--- DATA SHOWN ---

____________

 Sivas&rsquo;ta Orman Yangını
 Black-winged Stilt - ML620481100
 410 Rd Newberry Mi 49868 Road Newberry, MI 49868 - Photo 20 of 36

____________

--- YOUR TASK ---
Restate the material word for word, leaving nothing out.

--- TASK RESPONSE ---
 Sivas&rsquo;ta Orman Yangını
 Black-winged Stilt - ML620481100
 410 Rd Newberry Mi 49868 Road Newberry, MI 49868 - Photo 20 of 36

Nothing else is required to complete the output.